Ces écarts sont d'autant plus impressionnants qu'au cours de la période 1972-1981, les découvertes de pétrole et de gaz (exprimées en équivalent pétrole) ont atteint 52,6 Mbarils par puits foré dans les PVD exportateurs de pétrole, 5,2 M dans les PVD non exportateurs et 0,7 million seulement dans les pays industrialisés.

Une autre constatation significative est que, en dépit de la forte concentration des investissements d'exploration dans les pays industrialisés, les réserves pétrolières prouvées ont, depuis 1972, baissé d'environ 25 % aux États-Unis et en Union soviétique et de 5 % en Europe occidentale, alors qu'elles ont augmenté dans un grand nombre de PVD.

Ces indications confirment bien que l'équilibre du marché pétrolier mondial s'oriente rapidement vers une dépendance accrue, à partir des années 90, des pays industrialisés et de nombreux pays du tiers monde vis-à-vis de l'OPEP. La vulnérabilité des consommateurs à de nouvelles interruptions d'approvisionnement dans les années 90 dépendra en grande partie de ce qu'ils feront dans les dix prochaines années pour établir les relations qui s'imposent avec les pays de l'OPEP.

Il n'est pas difficile de déduire que cette dépendance, si elle s'instaure, sera réciproque. L'expérience, depuis 1973, le démontre et nécessitera une action commune fondée sur l'harmonisation des intérêts. Intérêts des consommateurs soucieux, à juste titre, d'assurer la sécurité de leurs approvisionnements, et intérêts non moins légitimes des pays du tiers monde exportateurs de pétrole, souhaitant utiliser le pétrole et ses revenus pour développer leurs économies fragilisées par la crise.

1985 : Les compagnies pétrolières modifient radicalement leurs stratégies

Depuis plusieurs années, la stratégie globale des compagnies pétrolières paraît relativement simple et peut se résumer ainsi : concentration des efforts sur le développement des ressources propres en pétrole brut, particulièrement sur l'exploration et le développement des zones où le risque politique (ou plus précisément celui d'une expropriation) semble a priori faible et où l'initiative de l'exploration et de la commercialisation est laissée aux opérateurs. Avec comme résultat les développements prioritaires dans les pays ne faisant pas partie de l'OPEP, même si les coûts de production y sont considérablement plus élevés qu'au Moyen-Orient. La différence entre ces coûts et les prix du marché, lorsque les fiscalités ne sont pas trop lourdes, assure une marge bénéficiaire suffisante pour justifier l'engagement.

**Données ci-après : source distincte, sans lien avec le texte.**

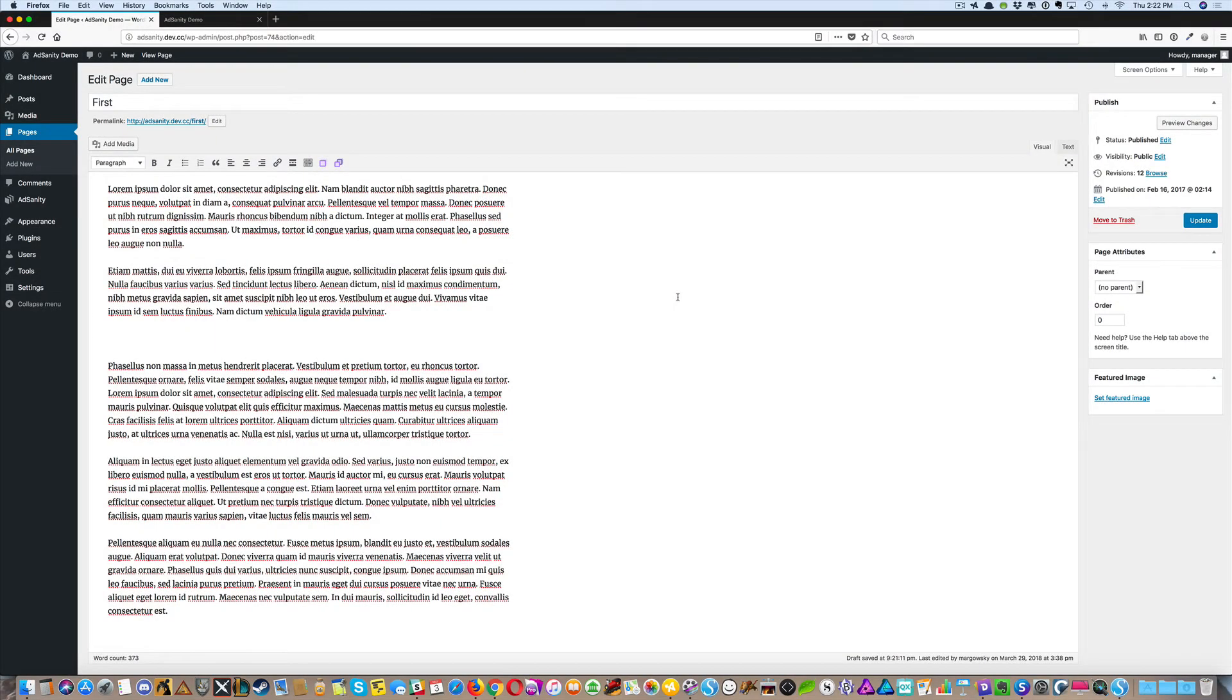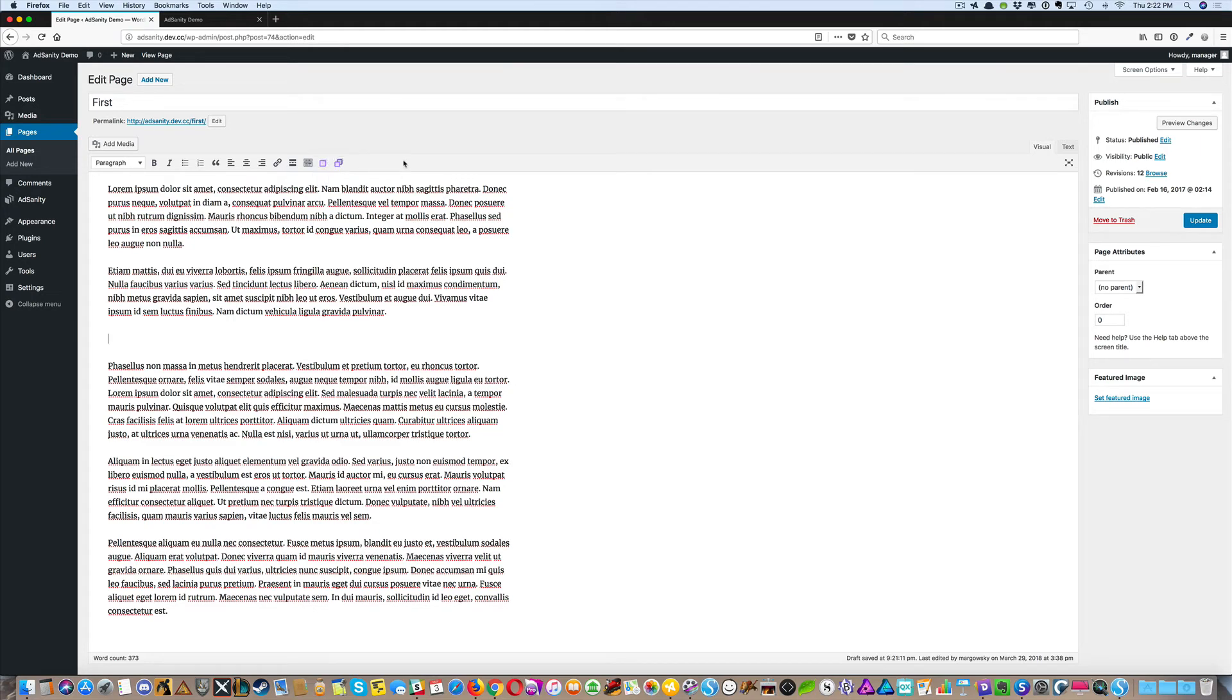The second method of adding AdSanity ads to your website is via shortcode. We've provided convenient shortcode builders to the text editor in WordPress, so you can find these on your pages or posts.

Les compagnies se sont également intéressées au développement d'autres sources énergétiques que le pétrole. Cependant, au fur et à mesure que les prix ont baissé, certaines filières ont perdu de leur intérêt. On l'a vu avec le pétrole synthétique, certains procédés de récupération assistée, ainsi que les schistes et les sables bitumeux, qui ont subi de sérieux coups de frein, voire des abandons. Aussi, depuis 1984, et même 1983, s'esquisse une nouvelle approche de l'avenir.